-------- Data in this exercise --------
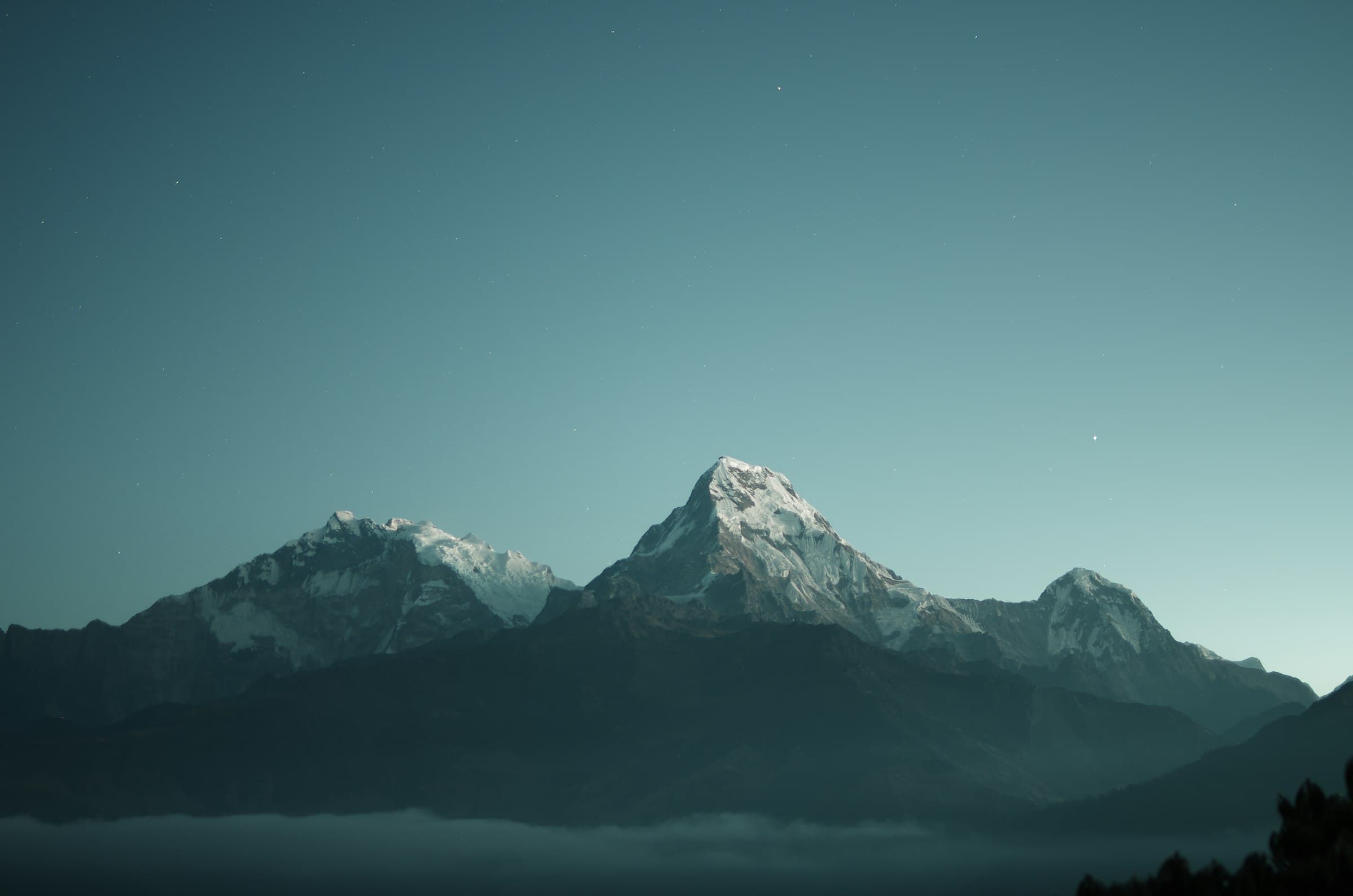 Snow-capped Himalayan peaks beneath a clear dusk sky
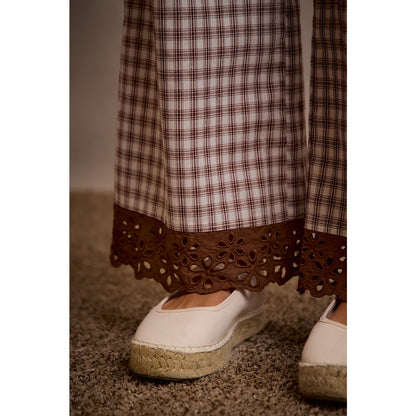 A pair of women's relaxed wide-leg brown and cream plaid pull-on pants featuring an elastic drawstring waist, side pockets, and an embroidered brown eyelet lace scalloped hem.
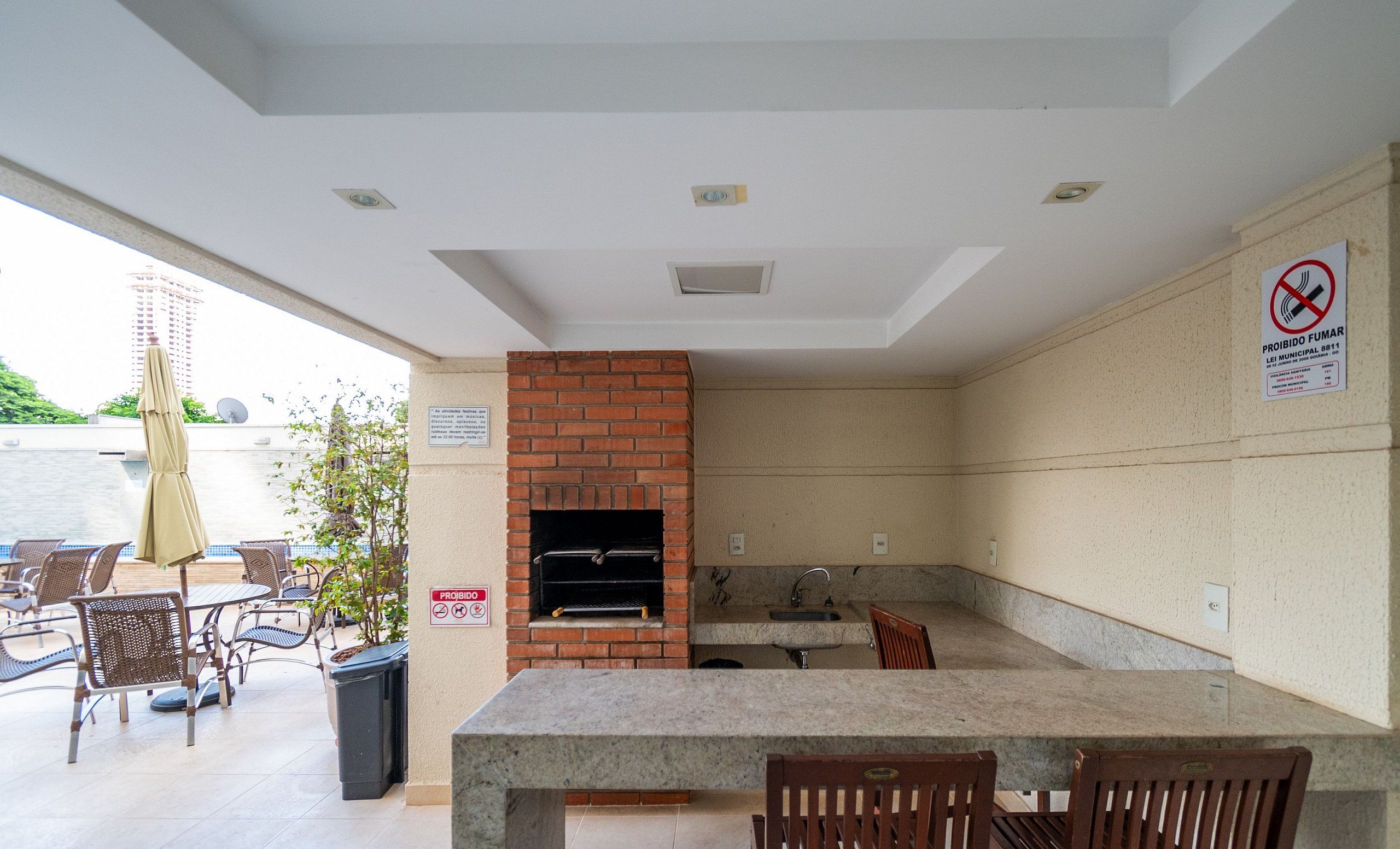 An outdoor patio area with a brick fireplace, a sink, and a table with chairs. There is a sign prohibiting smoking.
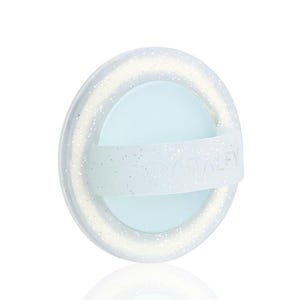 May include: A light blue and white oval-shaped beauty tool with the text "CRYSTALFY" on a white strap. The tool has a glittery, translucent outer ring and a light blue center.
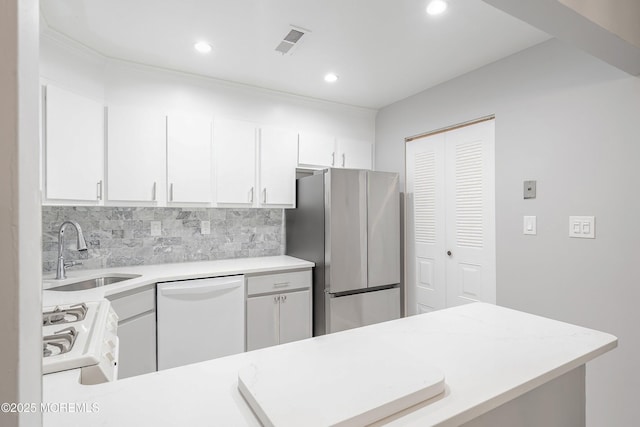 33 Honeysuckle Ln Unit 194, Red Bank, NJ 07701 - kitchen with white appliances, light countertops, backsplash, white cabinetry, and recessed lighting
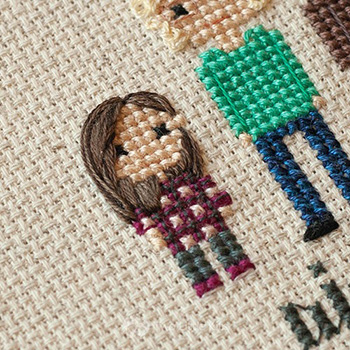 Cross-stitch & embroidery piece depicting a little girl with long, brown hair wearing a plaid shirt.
--------
-------- Data in this exercise --------
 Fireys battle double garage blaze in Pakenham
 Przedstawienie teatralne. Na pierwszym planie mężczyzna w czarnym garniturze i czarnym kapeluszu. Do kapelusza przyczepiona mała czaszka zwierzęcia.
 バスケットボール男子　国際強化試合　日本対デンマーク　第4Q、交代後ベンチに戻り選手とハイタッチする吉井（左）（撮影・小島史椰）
--------
What to work on —
Repeat, character for character, the lines of the material above from the line with "Fireys battle double" through the line with "バスケットボール男子　国際強".

Result below —
 Fireys battle double garage blaze in Pakenham
 Przedstawienie teatralne. Na pierwszym planie mężczyzna w czarnym garniturze i czarnym kapeluszu. Do kapelusza przyczepiona mała czaszka zwierzęcia.
 バスケットボール男子　国際強化試合　日本対デンマーク　第4Q、交代後ベンチに戻り選手とハイタッチする吉井（左）（撮影・小島史椰）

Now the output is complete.